** Opening Data block **

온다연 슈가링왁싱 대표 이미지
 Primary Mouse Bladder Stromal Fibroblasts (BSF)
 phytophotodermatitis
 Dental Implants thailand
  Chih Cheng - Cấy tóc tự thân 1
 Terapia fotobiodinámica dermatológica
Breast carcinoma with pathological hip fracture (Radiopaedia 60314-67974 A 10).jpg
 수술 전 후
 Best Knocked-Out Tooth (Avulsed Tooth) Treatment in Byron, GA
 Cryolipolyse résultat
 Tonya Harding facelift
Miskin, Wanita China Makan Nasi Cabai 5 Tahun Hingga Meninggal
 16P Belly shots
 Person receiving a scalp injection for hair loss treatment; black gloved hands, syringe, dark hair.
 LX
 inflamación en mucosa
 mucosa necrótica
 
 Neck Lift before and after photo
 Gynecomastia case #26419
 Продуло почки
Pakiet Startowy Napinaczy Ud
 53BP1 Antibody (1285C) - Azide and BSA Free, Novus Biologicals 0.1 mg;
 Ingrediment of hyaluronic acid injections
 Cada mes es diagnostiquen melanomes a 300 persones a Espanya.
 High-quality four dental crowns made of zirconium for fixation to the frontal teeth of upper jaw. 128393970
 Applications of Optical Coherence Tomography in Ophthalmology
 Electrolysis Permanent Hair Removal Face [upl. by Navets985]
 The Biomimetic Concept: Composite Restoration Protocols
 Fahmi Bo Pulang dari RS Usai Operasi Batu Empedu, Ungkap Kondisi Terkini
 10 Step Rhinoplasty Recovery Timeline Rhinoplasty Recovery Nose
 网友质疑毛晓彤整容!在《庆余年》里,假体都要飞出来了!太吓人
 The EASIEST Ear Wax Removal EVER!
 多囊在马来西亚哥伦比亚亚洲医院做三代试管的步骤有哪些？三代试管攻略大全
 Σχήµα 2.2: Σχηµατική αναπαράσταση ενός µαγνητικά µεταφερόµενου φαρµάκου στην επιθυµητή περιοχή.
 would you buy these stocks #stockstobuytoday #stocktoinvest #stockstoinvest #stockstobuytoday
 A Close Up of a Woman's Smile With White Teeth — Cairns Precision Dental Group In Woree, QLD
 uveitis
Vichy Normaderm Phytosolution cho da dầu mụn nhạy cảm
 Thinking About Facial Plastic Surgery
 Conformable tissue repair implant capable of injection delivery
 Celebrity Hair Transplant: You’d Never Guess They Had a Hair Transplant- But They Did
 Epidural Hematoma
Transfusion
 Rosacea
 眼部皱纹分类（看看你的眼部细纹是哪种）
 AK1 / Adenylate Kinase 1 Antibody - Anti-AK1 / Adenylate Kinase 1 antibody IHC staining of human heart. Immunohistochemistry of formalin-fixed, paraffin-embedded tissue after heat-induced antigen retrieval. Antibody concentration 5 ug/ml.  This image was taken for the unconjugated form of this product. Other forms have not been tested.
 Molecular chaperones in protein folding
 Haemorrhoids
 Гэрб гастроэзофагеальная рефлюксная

** Closing Data block **

Work item =
From the material above, retype precisely the lines between the line holding "Thinking About Facial Plastic Surgery" and the line holding "眼部皱纹分类（看看你的眼部细纹是哪种）", inclusive, and nothing beyond them.

Expected output =
 Thinking About Facial Plastic Surgery
 Conformable tissue repair implant capable of injection delivery
 Celebrity Hair Transplant: You’d Never Guess They Had a Hair Transplant- But They Did
 Epidural Hematoma
Transfusion
 Rosacea
 眼部皱纹分类（看看你的眼部细纹是哪种）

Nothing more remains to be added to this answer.